--- DATASET CONTENT ---

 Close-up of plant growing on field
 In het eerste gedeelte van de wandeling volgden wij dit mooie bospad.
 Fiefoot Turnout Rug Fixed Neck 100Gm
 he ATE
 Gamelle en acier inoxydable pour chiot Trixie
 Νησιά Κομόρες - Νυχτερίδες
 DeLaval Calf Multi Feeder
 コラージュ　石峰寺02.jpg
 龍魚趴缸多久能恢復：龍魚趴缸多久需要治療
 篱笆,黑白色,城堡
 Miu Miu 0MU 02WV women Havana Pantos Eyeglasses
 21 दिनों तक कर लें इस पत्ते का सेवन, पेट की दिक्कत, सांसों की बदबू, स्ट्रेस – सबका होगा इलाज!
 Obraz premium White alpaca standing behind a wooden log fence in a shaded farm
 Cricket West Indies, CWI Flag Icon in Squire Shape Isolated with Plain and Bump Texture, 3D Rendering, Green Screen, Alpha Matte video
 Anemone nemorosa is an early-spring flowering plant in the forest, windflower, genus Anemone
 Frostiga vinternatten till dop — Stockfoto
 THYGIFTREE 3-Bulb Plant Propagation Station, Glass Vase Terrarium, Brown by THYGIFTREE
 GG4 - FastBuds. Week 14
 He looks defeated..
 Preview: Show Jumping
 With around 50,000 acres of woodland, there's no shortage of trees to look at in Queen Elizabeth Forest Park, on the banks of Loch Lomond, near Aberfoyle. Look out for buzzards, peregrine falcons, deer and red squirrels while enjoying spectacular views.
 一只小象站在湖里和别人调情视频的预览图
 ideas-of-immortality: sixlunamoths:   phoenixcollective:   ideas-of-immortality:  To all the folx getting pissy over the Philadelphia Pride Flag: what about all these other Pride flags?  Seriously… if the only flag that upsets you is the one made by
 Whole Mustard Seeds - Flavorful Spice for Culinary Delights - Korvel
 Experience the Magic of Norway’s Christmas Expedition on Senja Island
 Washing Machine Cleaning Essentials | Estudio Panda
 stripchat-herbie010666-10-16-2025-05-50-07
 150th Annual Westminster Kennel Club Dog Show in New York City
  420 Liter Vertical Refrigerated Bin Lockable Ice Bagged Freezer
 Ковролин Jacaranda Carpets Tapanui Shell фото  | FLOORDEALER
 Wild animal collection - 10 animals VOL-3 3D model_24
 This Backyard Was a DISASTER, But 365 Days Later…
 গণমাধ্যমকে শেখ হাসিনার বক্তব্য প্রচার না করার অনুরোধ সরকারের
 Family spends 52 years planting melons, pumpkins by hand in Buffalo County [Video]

--- WORK ORDER ---
Print from the line containing "Experience the Magic" to the last line above, exactly as written.

--- COMPLETED TASK ---
 Experience the Magic of Norway’s Christmas Expedition on Senja Island
 Washing Machine Cleaning Essentials | Estudio Panda
 stripchat-herbie010666-10-16-2025-05-50-07
 150th Annual Westminster Kennel Club Dog Show in New York City
  420 Liter Vertical Refrigerated Bin Lockable Ice Bagged Freezer
 Ковролин Jacaranda Carpets Tapanui Shell фото  | FLOORDEALER
 Wild animal collection - 10 animals VOL-3 3D model_24
 This Backyard Was a DISASTER, But 365 Days Later…
 গণমাধ্যমকে শেখ হাসিনার বক্তব্য প্রচার না করার অনুরোধ সরকারের
 Family spends 52 years planting melons, pumpkins by hand in Buffalo County [Video]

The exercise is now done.